The Soft Pink Truth has been an outlet for my mixed emotions about dance music; those mixed emotions show up at the level of, “What form does the music take?” In the past, Soft Pink Truth has been funk and glitchy and complicated and been filled with lots of ironic cut-ups of found sound and other people’s music. I wanted to try something that didn’t have that emotional stance, a stance of mockery. I wasn’t interested in that. Trump has weaponized a kind of insincere, smarmy trolling manner. I didn’t want music that similarly relied upon that stance. I wanted something that was, in a way, the opposite. Something that felt affirmative and warm.

It was a conflict for me to make this record because it forced me to step back from some habits as an electronic music producer that I’ve relied upon for so long. To kind of hit reset in many ways.
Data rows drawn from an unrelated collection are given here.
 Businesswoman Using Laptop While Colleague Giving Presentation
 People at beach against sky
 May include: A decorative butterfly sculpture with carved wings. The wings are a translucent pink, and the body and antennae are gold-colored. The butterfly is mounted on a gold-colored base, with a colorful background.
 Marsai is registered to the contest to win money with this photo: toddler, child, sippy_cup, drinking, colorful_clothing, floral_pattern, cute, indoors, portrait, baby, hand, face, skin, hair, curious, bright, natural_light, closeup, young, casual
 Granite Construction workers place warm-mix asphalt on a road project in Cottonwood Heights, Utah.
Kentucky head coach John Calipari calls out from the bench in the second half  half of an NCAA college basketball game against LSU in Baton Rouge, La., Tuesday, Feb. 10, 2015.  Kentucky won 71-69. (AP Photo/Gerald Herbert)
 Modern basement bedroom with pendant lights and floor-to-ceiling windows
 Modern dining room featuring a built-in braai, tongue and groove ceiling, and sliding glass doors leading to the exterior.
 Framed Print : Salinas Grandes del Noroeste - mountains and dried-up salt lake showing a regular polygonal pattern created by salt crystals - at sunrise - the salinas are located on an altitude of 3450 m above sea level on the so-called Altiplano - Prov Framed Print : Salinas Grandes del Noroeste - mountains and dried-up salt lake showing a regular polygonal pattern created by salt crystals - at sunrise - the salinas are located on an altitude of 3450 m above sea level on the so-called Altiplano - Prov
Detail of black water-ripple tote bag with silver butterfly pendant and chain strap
I started thinking about what makes house music house music; it’s pianos and people singing in a repetitive pulse and a feeling of being safe and loved.
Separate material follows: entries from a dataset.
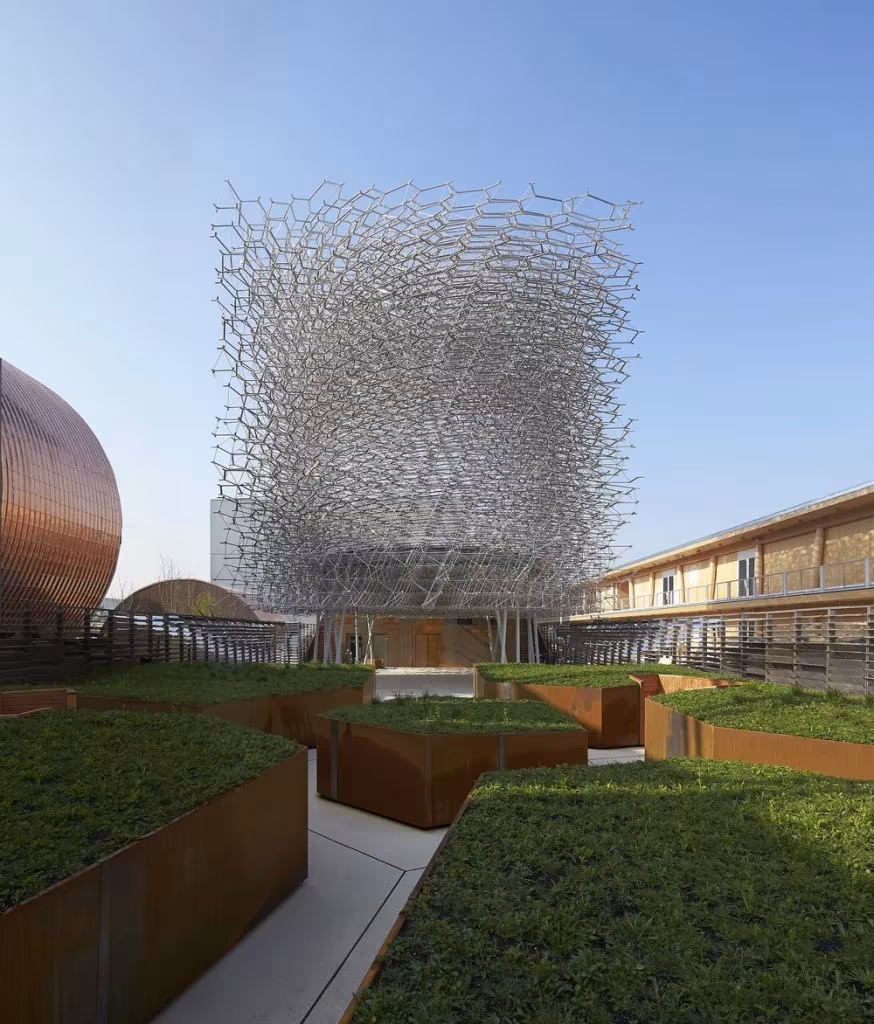 Cubo de malla metálica de La Colmena con luz de día, rodeado de jardineras de acero corten y prados en la Expo de Milán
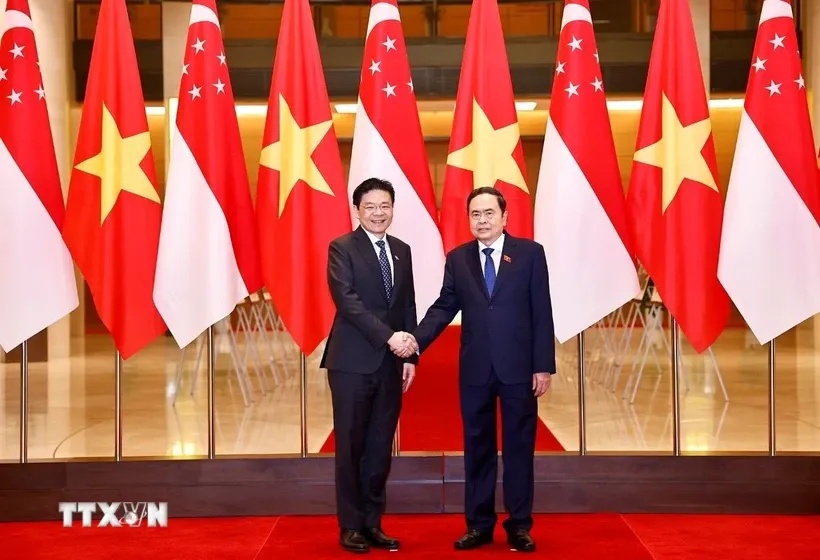 Chủ tịch Quốc hội Trần Thanh Mẫn hội kiến Thủ tướng Singapore Lawrence Wong. Ảnh: Doãn Tấn/TTXVN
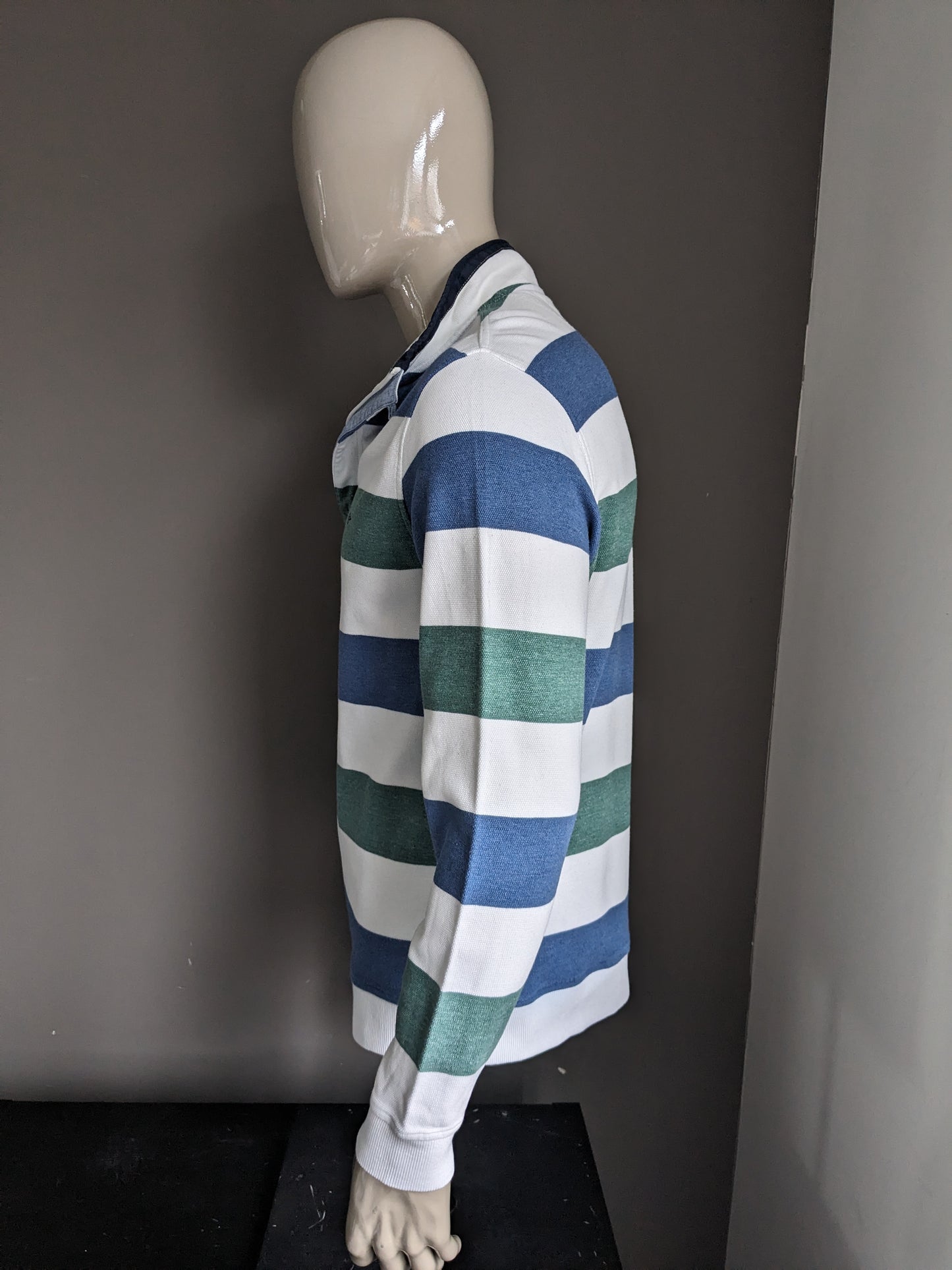 Pull Baileys avec fermeture éclair. Rayé bleu vert blanc. Taille XL.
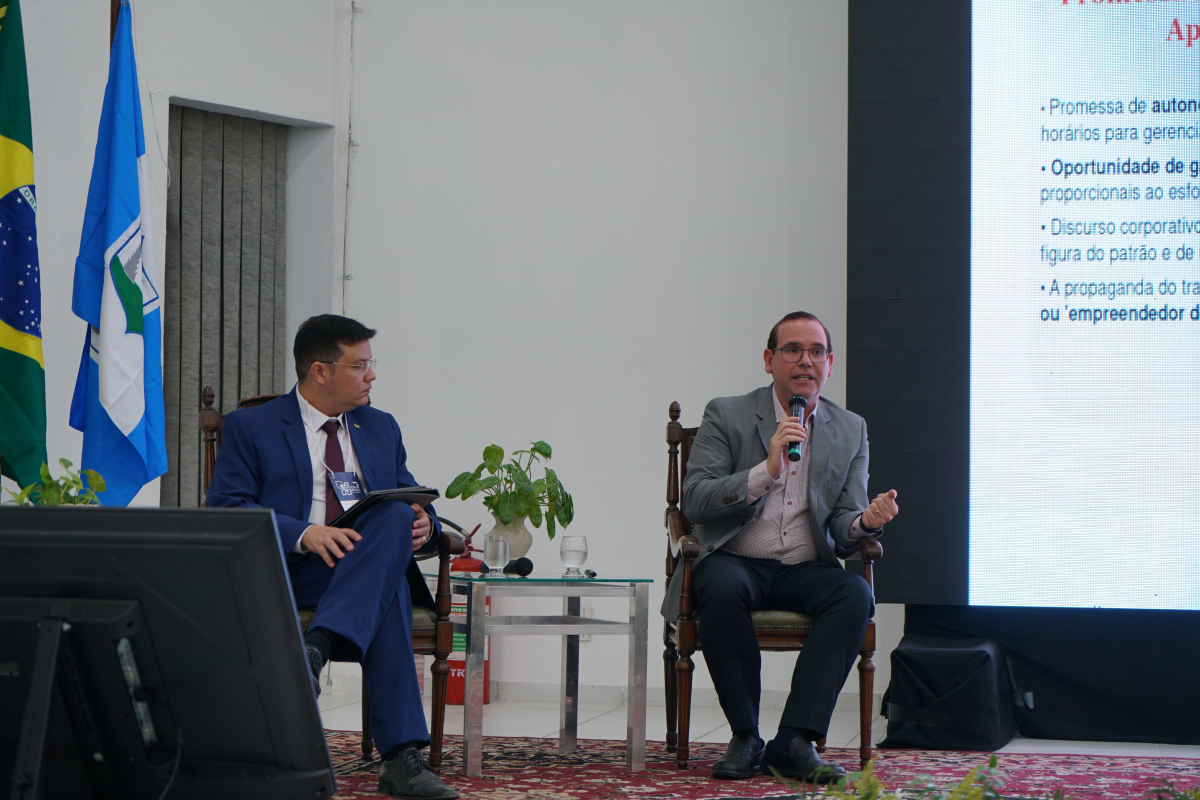 A imagem mostra um painel de discussão no palco, com dois homens brancos de meia-idade sentados em cadeiras de madeira e estofado marrom, em frente a um microfone e um monitor. À direita, um telão com o título "Promessa de autonomia", com quatro tópicos principais: "Promessa de autonomia e flexibilidade de horários para gerenciar os ganhos", "Oportunidade de ganho em taxas e bônus proporcionais ao esforço", "Discurso corporativo e colaboração, sem a figura de patrão e de chefe" e "A propaganda do trabalho autônomo ou empreendedorismo". À esquerda, três bandeiras: a bandeira do Brasil, a bandeira do Ceará e a bandeira do município. Há uma mesa de centro de vidro entre os palestrantes, com duas taças com água e um jarro com a planta jiboia. Há também um extintor de incêndio.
As corny as all of that sounds, when I say it, that’s what’s valuable about dancing with a group of people to house music in a room. I wanted to make music that drew upon that tradition but that’s also real in terms of who I am. I’m not someone who’s going to clubs every night. I’m almost 50. I spend most of my time listening to drone music and long-form music. How do I square the circle of ecstatic dance music and the places and context in which I’m listening? The result was this record.

I’m not the first person by any means to try and bring ambient and house music together. I remember the marketing of 808 State to Americans when rave was just kicking off was that it was called “ambient house”. The contradictoriness of that idea in 1989 was something that attracted me to it. It’s like saying “the round square”.

How did it feel to say, “I’ve got to work out what I want to say in different terms”?

It challenged everything. In part, it challenged my own abilities. If you’re used to starting from sampling things where you’re working with a groove or you’re working with all the sweat and fire and talent of somebody else’s content and then you take that and chop it up and slice it, then it’s very easy to get started. Whereas it’s very difficult to get started if you’re just sitting at a piano.

It’s such an overdetermined instrument, there have been centuries of people playing compelling music that way. I don’t have the skill. I’m not a talented melodic thinker. It was humbling. I just started playing very simple repetitive figures on the piano. It sort of crystalized quickly when I had a house guest.

I’m a metalhead and I love to go to Maryland Deathfest. Four or five days of death and crust and doom and black metal. This friend of mine, Mitchell Brown is in this hardcore band called GASP. They’d reformed and were playing Deathfest. He asked if he could stay at my house and I said yes. He had this Roland Space Echo that he had with him that he uses to process sound in GASP.

I said, “Can I borrow your Space Echo while you’re staying at my house?” He was fine with that so I started to play the piano through this Space Echo. It would skew the pitch a little bit. It had this slightly curdled quality, kind of like when you taste milk that’s a little bit sour. That’s part of the feeling of me playing the piano through this Space Echo. I would just the pitch relation to the delay to the original signal.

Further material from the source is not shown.